THE PROBLEM: The answer should be a faithful retyping of the records that follow, pictures excluded.

INFORMATION SHOWN: Begin

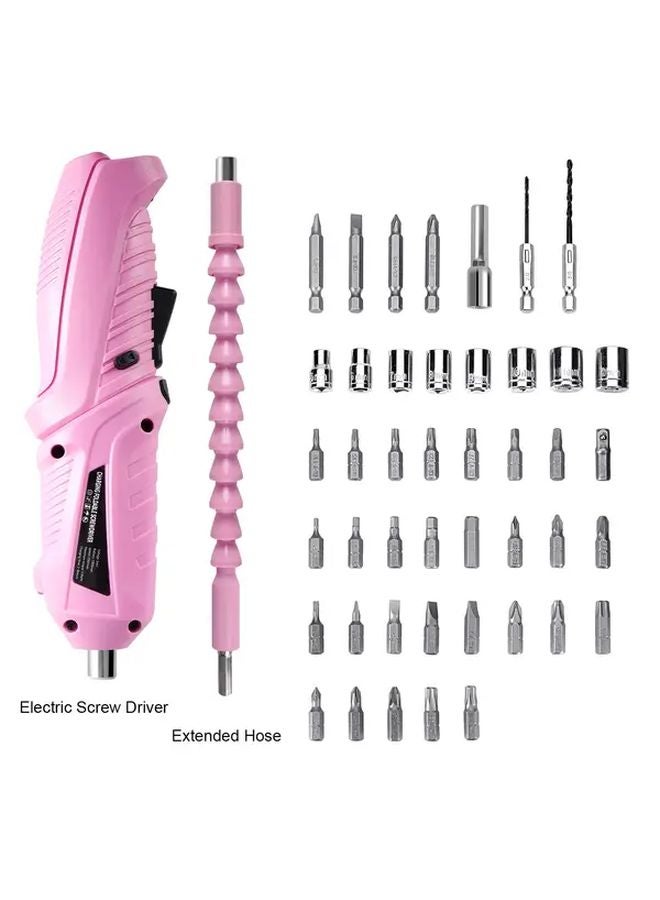 47 Pcs Pink Cordless Electric Screwdriver Set USB Rechargeable Metal Body Drill Bits - Image 4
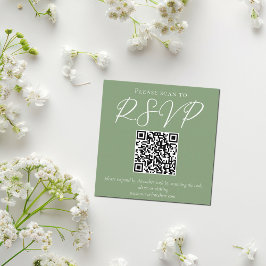 Sage Grönt White Script QR Code Bröllop OSA Tilläggskort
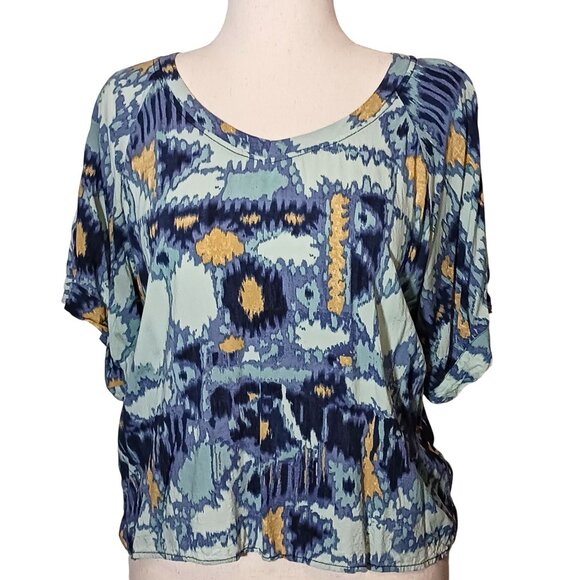 Nic+Zoe Summer Solstice V-Neck Short Sleeve Multicolored Blouse‎ Size L - Picture 3 of 12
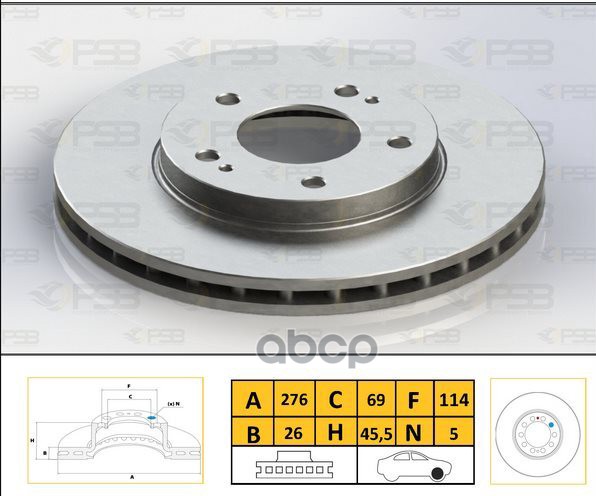 Диск тормозной перед DODGE Caliber 06-, MITSUBISHI Lancer VIII 08-, Lancer VIII 08-, Space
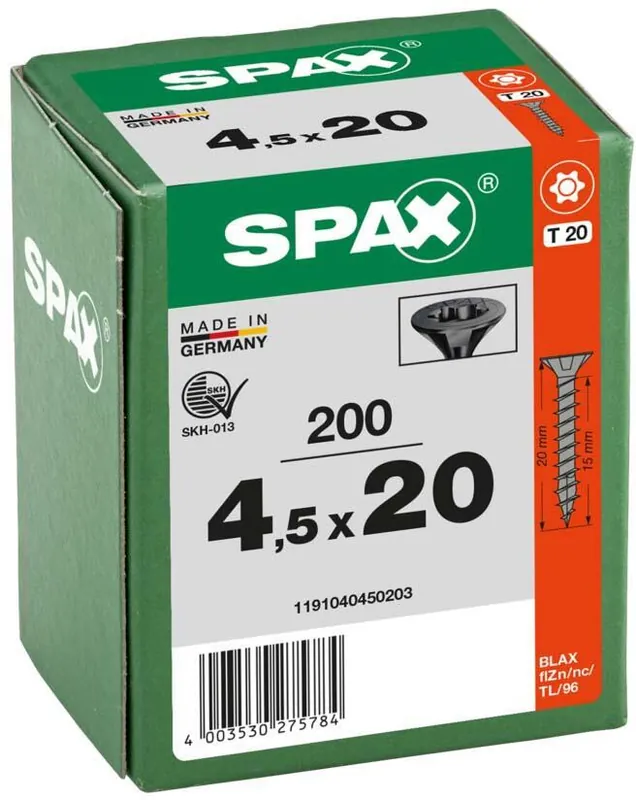 Bestseller SPAX® Universalschrauben T20 4,5×20 schwarz 200 St.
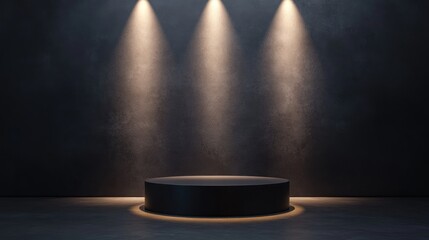 Minimalist Black Platform with Spotlights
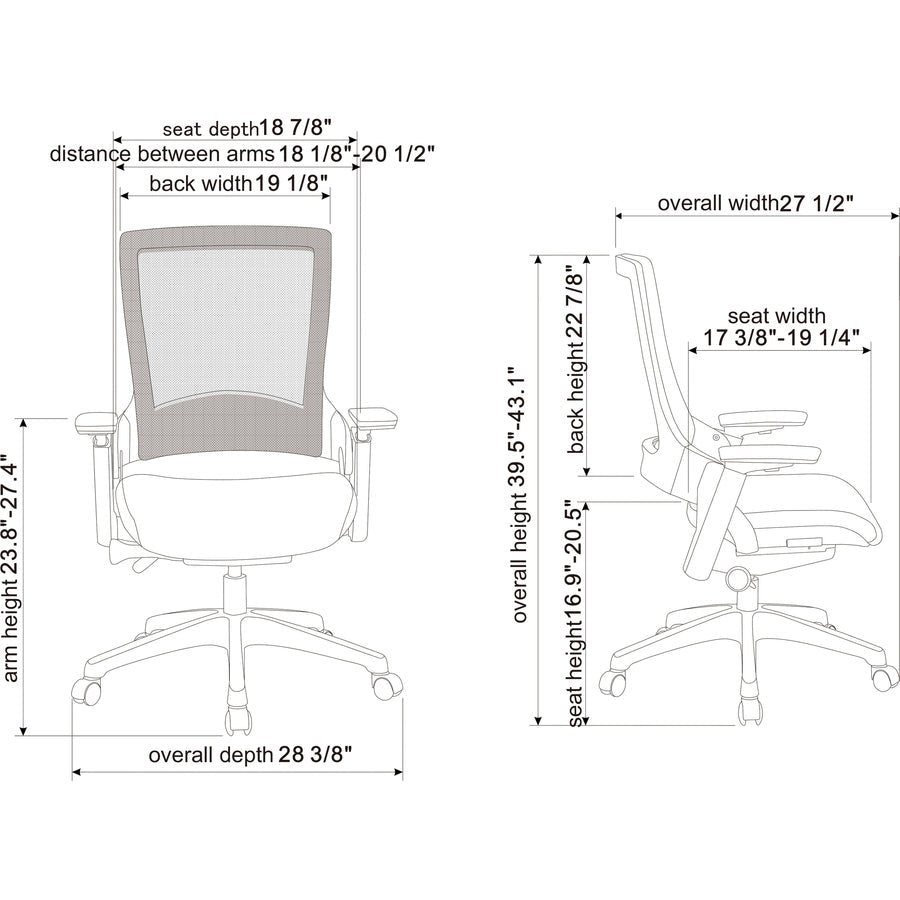 Lorell Serenity Executive High - Back Chair with Adjustable Arms and Synchro - Tilt (LLR - LLR59529) - SchoolOutlet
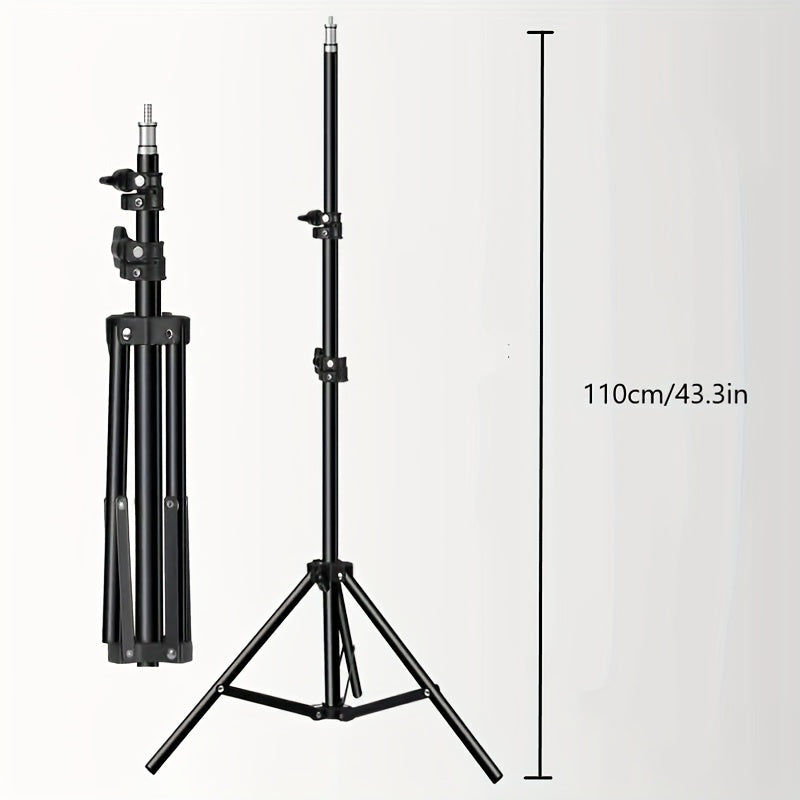 Luvikno | Justerbar LED-lampe stativ for fotografering og video – 1,1 m høyde, solid aluminiumsstativ med lampe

INFORMATION SHOWN: End

SOLUTION FOR THIS TASK:
 47 Pcs Pink Cordless Electric Screwdriver Set USB Rechargeable Metal Body Drill Bits - Image 4
 Sage Grönt White Script QR Code Bröllop OSA Tilläggskort
 Nic+Zoe Summer Solstice V-Neck Short Sleeve Multicolored Blouse‎ Size L - Picture 3 of 12
 Диск тормозной перед DODGE Caliber 06-, MITSUBISHI Lancer VIII 08-, Lancer VIII 08-, Space
 Bestseller SPAX® Universalschrauben T20 4,5×20 schwarz 200 St.
 Minimalist Black Platform with Spotlights
 Lorell Serenity Executive High - Back Chair with Adjustable Arms and Synchro - Tilt (LLR - LLR59529) - SchoolOutlet
 Luvikno | Justerbar LED-lampe stativ for fotografering og video – 1,1 m høyde, solid aluminiumsstativ med lampe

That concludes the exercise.